Designer Tom Cleaver has kindly provided us with a look into the creation and development of Valley of the Kings: Afterlife.
After the success of Valley of the Kings (VotK), AEG asked me for a sequel. I thought they would want an expansion – new set cards to combine with the original cards, offering a large variety of ways to play. AEG surprised me by asking for a stand-alone game, but one that could be combined with the original for expanded play. They explained that this offered more possibilities and would reach a wider audience.
I had plenty of additional actions for new cards, but what could I do about the artifacts? I’d already (as I thought) picked the low-hanging fruit: sarcophagi, canopic jars, amulets, books, and statues – the artifacts one traditionally associates with an Egyptian tomb. To address this issue, I imagined myself as an Egyptian noble preparing for my death and burial. I would hire an embalmer, who would use the tools of his trade (linen bandages, brain hook). To demonstrate my wealth in the netherworld, I would include some of my jewelry (ring, bracelet). I must arrange for my tomb to be built, and I would have the builder include a burial chamber, a serdab (store room), an offering chapel, and other traditional chambers. As I imagined myself as a warrior, my weapons must be included (spear, bow). No tomb would be complete without having the walls decorated with hieroglyphics and tomb art to praise the gods and document my achievements in life. And so it was – these new artifacts fit well into the Egyptian theme.
The starter cards in Valley of the Kings: Afterlife (VotKA) are identical to the starter cards in the original VotK. This allows those who have both versions of the game to play with 5 or 6 players. Although enough cards are included to play the game with up to 8 players, I am not sure how satisfying the game would be with so many players.
When picking the colors for the new sets in VotKA, many discussions (arguments?) broke out about whether the colors should be the same as those in VotK (so that substituting one set for another would be easy) or completely different (so that all sets from both games could be used together). We found an elegant solution: The set cards in VotKA are almost the same colors as their equivalent sets in VotK. This makes it possible to both create combined sets and to use sets independently. The ways of combining the two games are therefore astronomically high.

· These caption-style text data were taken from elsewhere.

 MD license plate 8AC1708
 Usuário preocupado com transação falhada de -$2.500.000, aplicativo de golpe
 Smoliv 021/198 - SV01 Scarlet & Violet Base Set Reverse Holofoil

VotK has been well-received, but some comments on the game have brought up potential for improvement, and I have tried to address these in VotKA. There are only two cards in VotK (Chariot and Mummified Cat) that allow cards to be retrieved from the boneyard. In VotkA there are 3 (Dagger, Judgment, and Spear), and these 3 cause significantly more changes to the boneyard.
Some novice players of VotK fail to purchase high gold value cards early on. When Level III cards start to come out, they may not be able to afford them. VotKA adds some low-cost cards that can alleviate this situation.
VotK includes a lot of player interaction, and many players commented that they particularly enjoyed this feature – some noting that other deck-building games were like multiplayer solitaire. I took this to heart and included even more player interaction in VotKA. Of the 31 Level II and Level III card actions, 8 directly affect other players.
A strategy that some players use very successfully in VotK is to thin their hands down to 5 or so cards. This allows them to recycle their best cards quickly. Although I don’t want to discourage this strategy, I also don’t want it to be the only good strategy. Therefore, I have included some cards (Dagger, Goddess Nut, Harvest, Linen Bandages, Necklace, Offering Chapel) that favor larger decks.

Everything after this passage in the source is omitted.